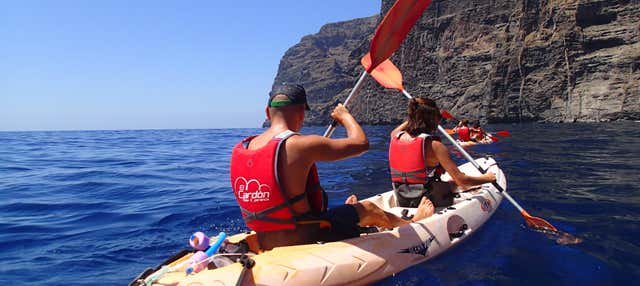 Tour di Punta de Teno in kayak
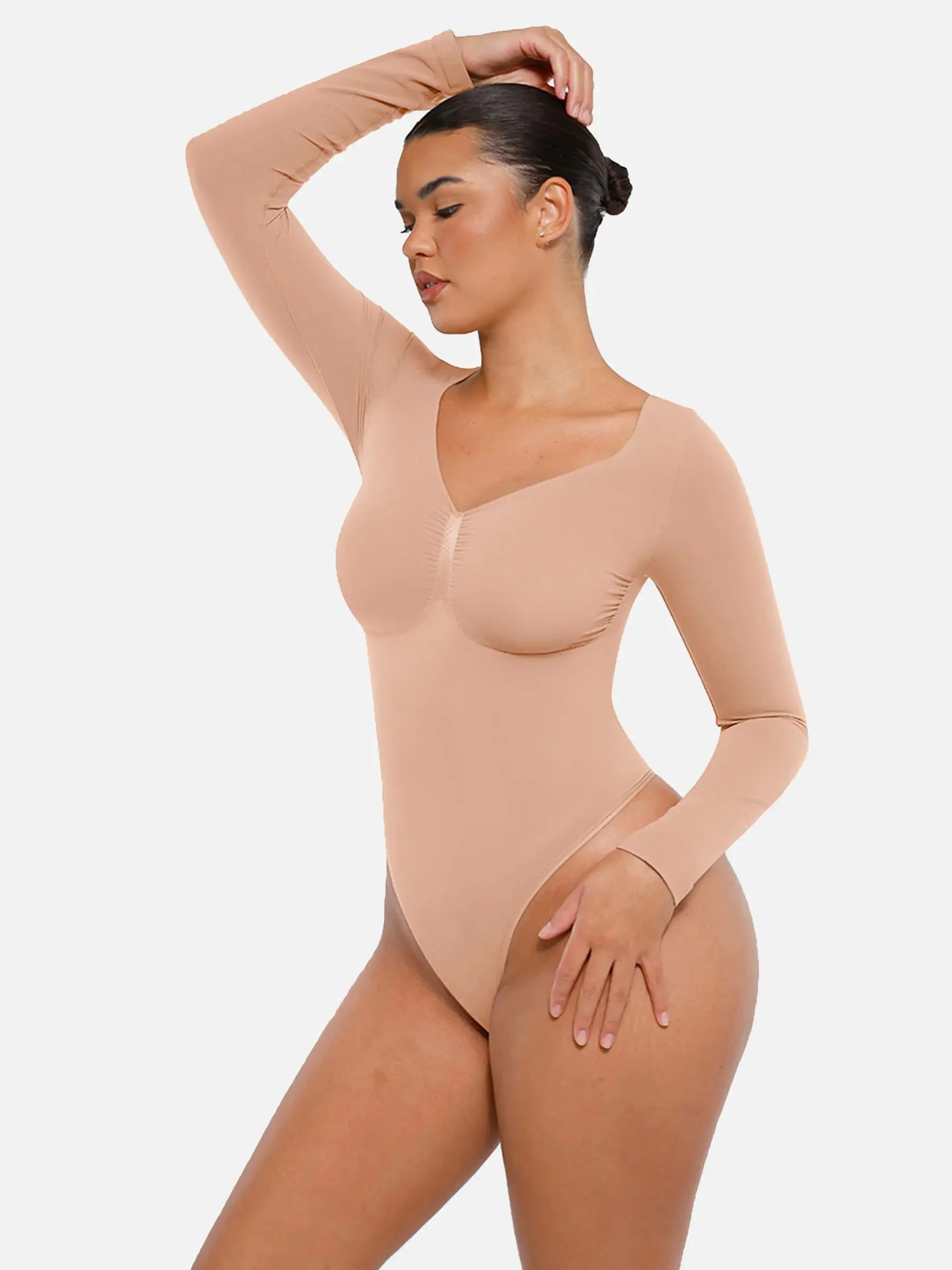 Bloom ™ | Long Sleeve Thong Bodysuit - Image 13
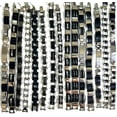 thumbnail image 2 of K-KED 12pcs Design Mix Men Stainless Steel Bracelet Man Wristbands Bangle Cool Jewelry, 2 of 9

= = = =

TASK ITEM → Extract the full listing exactly, with the pictures left out.

WRITTEN SOLUTION →
 Tour di Punta de Teno in kayak
 Bloom ™ | Long Sleeve Thong Bodysuit - Image 13
 thumbnail image 2 of K-KED 12pcs Design Mix Men Stainless Steel Bracelet Man Wristbands Bangle Cool Jewelry, 2 of 9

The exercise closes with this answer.